Modern power grids depend on constant chatter. Smart meters, gateways, and control centres exchange data every second to balance demand, bill accurately, and keep electricity flowing. That connectivity, however, is also a vulnerability. Distributed denial-of-service (DDoS) attacks—malicious attempts to flood a server with excessive, fake traffic—can delay readings, disrupt operations, and at worst, trigger outages.

 

With 6G networks on the horizon, researchers at the Singapore University of Technology and Design (SUTD) anticipate a denser, faster, and more automated grid. As such, they explored how to detect DDoS attacks early and at scale without exposing people’s energy-use data in their paper, “Towards enhancing security for upcoming 6G-ready smart grids through federated learning and cloud solutions”.

 

Led by Professor Yeo Kiat Seng, the research team built and tested a prototype  intrusion-detection framework that trains models where the data live (on devices), coordinates learning in the cloud, and conceptually aligns with the ultra-low latency and high device density expected of future 6G networks.

 

Federated learning forms the crux of their solution: instead of sending raw meter data to a central server, each device trains a local model and shares only model updates. A cloud coordinator then aggregates the updates to improve a global model and redistributes them to devices, so that the whole fleet learns collaboratively while private data stays put. This combination of federated learning at the edge with cloud coordination shows how the use of design, artificial intelligence (AI), and technology could create a grid that is both smarter and more secure.

 

“Our work is an exploratory step towards understanding how federated learning and cloud technologies could help secure future smart grids as 6G environments emerge,” explained Prof Yeo, who added that their work is complementary to, and not a replacement of, existing measures.

 

To explore feasibility, the team built two proof-of-concept testbeds under controlled experimental conditions. In the first, Raspberry Pi devices stood in for smart meters, training local models and sending updates to a workstation that played the role of a small base station. In the second, they simulated meters in Amazon Web Services (AWS), using virtual elastic compute cloud (EC2) instances equipped with Greengrass for local training and AWS Lambda functions for coordination.
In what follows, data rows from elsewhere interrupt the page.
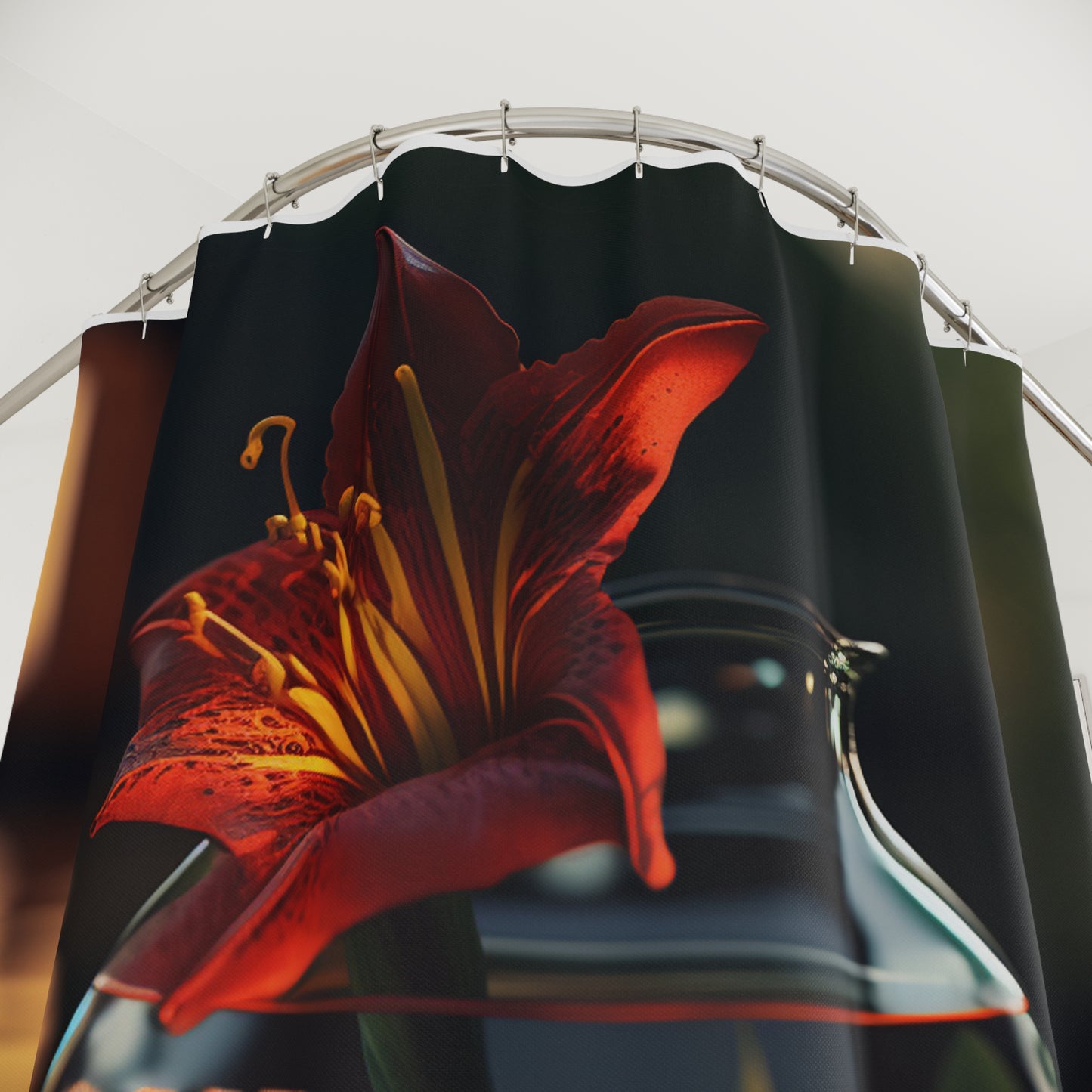 Polyester Shower Curtain Red Lily in a Glass vase 2
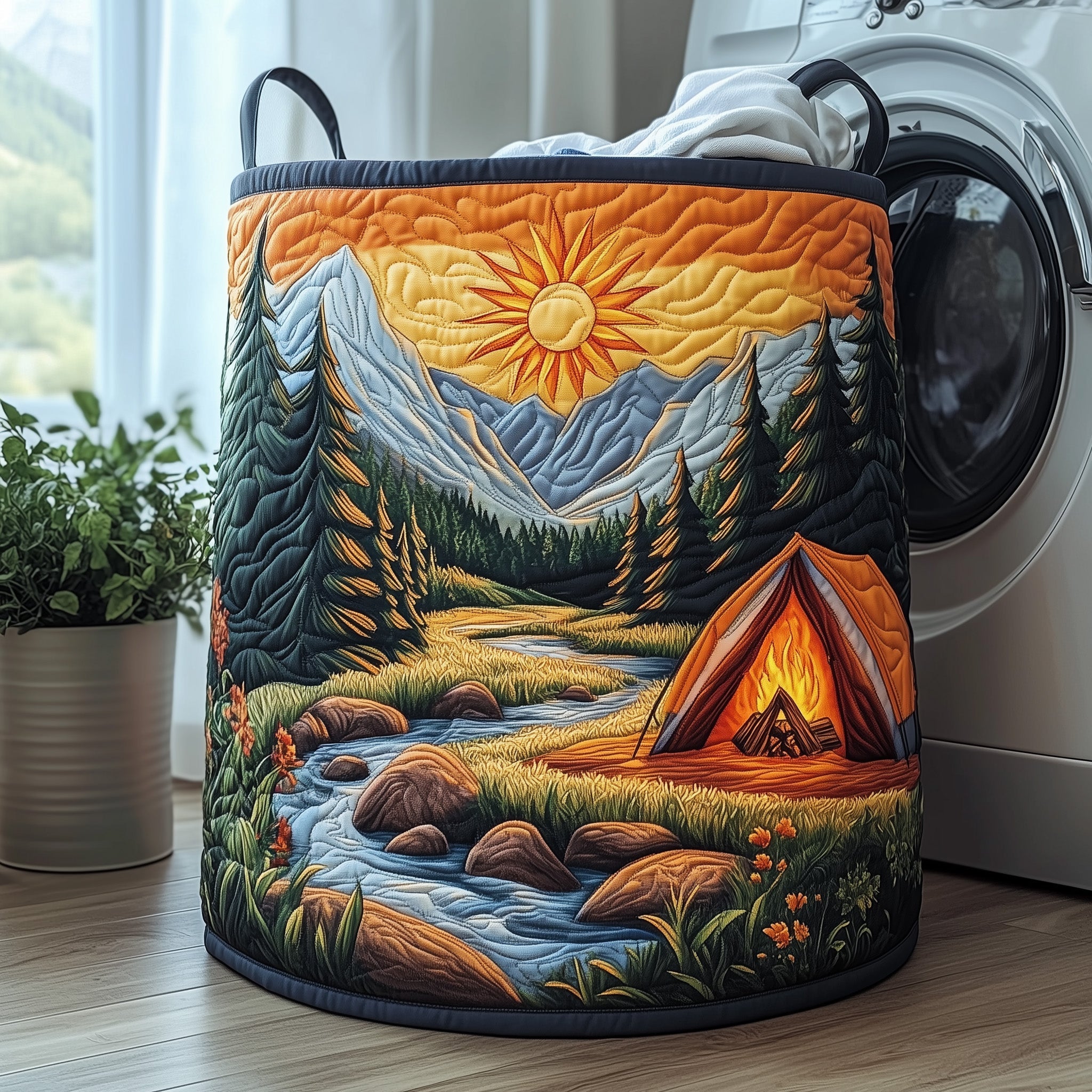 Camping Vibe Quilted Laundry Basket Valentine�s Day Merch Gift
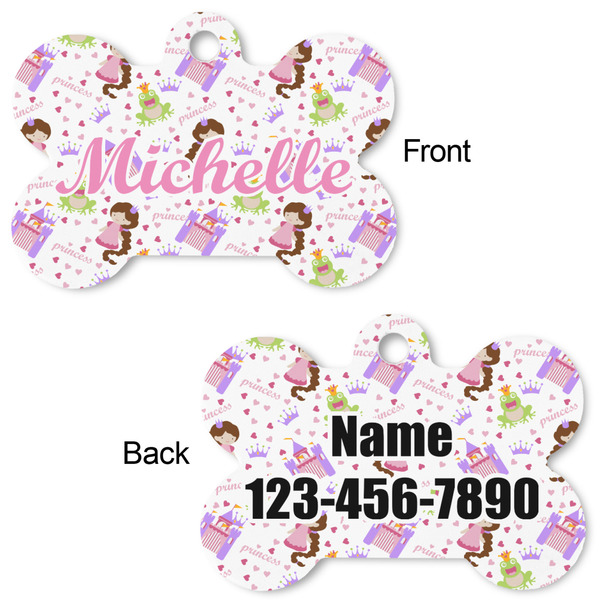 Princess Print Bone Shaped Dog Tag - Front & Back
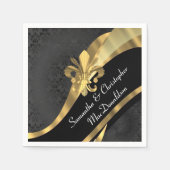 ブラックダマスクと金ゴールドフルーアデリス スタンダードカクテルナプキン (正面)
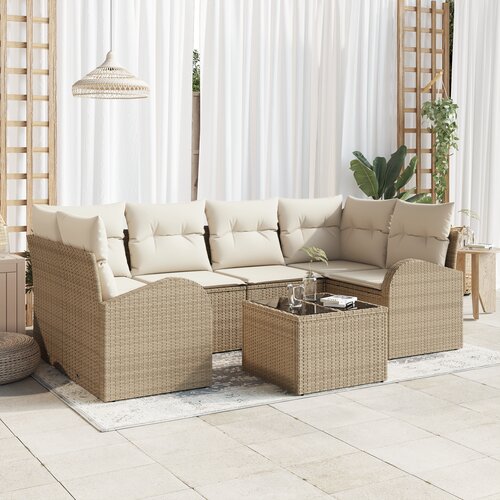 VidaXL 7-delni vrtni kavč set z blazinami Bež Poly Rattan Slike
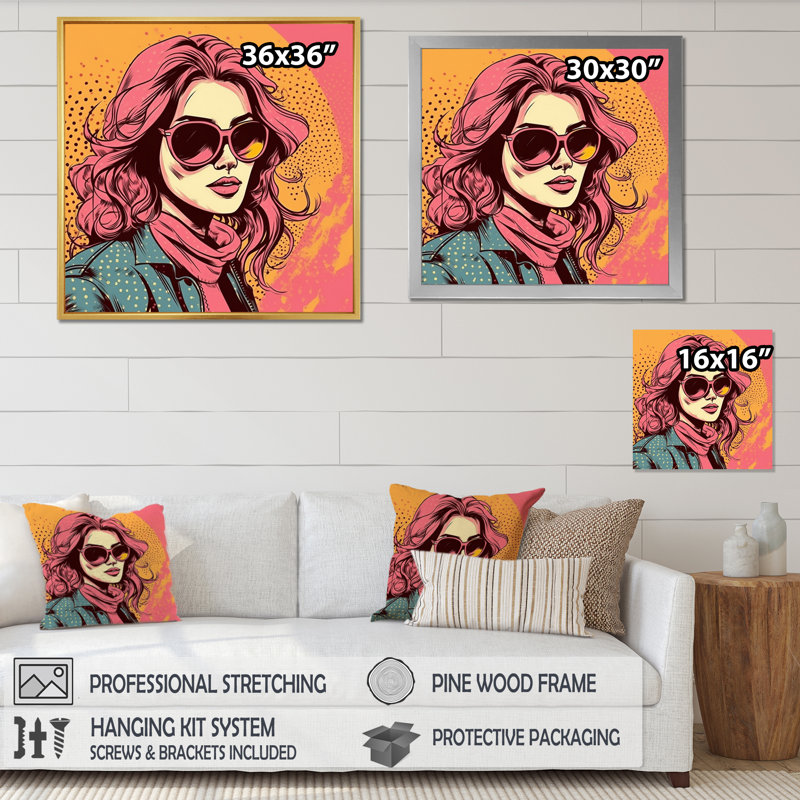 Portrait d'une femme pop rose des années 1950 II, H 16 po x l 16 po x P 1 po, Cadre flottant doré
Other AWS services such as IoT Core, S3, DynamoDB, and Step Functions were used to manage messaging, data storage, and orchestration within the simulated environment.

 

“It’s important to note that we did not use a live 6G network,” shared Prof Yeo. “Taken together, our two prototypes illustrated how federated learning at the edge can be supported by cloud coordination, and how projected 6G features—such as very low latency, high device density, and high throughput—could further enable fast and privacy-preserving updates across many devices in future smart grids.”

 

The researchers evaluated several models, including logistic regression, a feed-forward neural network, and a one-dimensional convolutional neural network (1D-CNN), on a widely used benchmark of DDoS traffic (CIC-DDoS2019). A residual-CNN, designed to learn deeper temporal patterns and avoid vanishing gradients, performed best on the device testbed, reaching about 97.9 percent accuracy with strong precision and recall.

 

Importantly, when the same approach was run in the cloud-based prototype under controlled experimental conditions, performance remained broadly consistent. Using permutation tests, the team found no statistically significant differences in average precision, recall, or accuracy between the local and cloud runs—results that are encouraging for future large-scale coordination.

 

Practical measurements were equally important. On Raspberry Pi devices, the team quantified memory and CPU usage, power draw, training time, and communication overhead across models and rounds of federated training. The residual-CNN delivered the strongest detection but consumed more resources, pointing to real-world trade-offs. Scaling studies from 4 to 64 simulated nodes showed faster convergence and better precision/recall as more devices participated, while also revealing the growing share of time devoted to communication. These results suggest that bandwidth and orchestration will become increasingly important as such systems scale.

 

While the results are promising, the team remains cautious. Their solution is a research-stage framework validated on benchmark datasets and prototypes, not a live utility deployment.

 

“Our research is at the proof-of-concept stage, so the immediate application lies in providing a framework and experimental insights showing how federated learning with cloud integration could potentially enhance intrusion detection in smart grids,” described Prof Yeo.

 

He highlights that adoption would require pilots with real grid data, integration with existing defences (from authentication to rate-limiting), and alignment with regulations. The team also sees room to compare model families, such as transformer-based architectures, and to incorporate semi-supervised techniques (for example, pseudo-labelling) to learn from the large volumes of unlabelled traffic common in operational networks.

 

“As 6G brings denser connectivity and ultra-low latency communication, cyberthreats will also evolve,” Prof Yeo noted. “We need defences that learn continuously from diverse, local data while ensuring sensitive grid information stays protected. That’s the promise of federated learning—only if we pair it with careful engineering and rigorous validation.”

 

For utilities, the near-term value is directional. The study maps how a privacy-preserving detection layer could sit alongside current intrusion-detection systems, what resources edge devices would need, and how cloud services might orchestrate training and updates. It also highlights early bottlenecks, such as power budgets, bandwidth, and synchronisation, that must be tackled before real-world rollout.

 

The SUTD team’s next steps include gathering datasets that pair network traffic with physical measurements (voltage, current), testing adaptive schemes that adjust models to threat levels and grid conditions, and exploring energy-efficient variants for resource-constrained devices.

 

“Together with utility partners, we hope to translate the prototypes into collaborative pilot studies that measure detection quality, latency, and operational impact in the field,” added Prof Yeo.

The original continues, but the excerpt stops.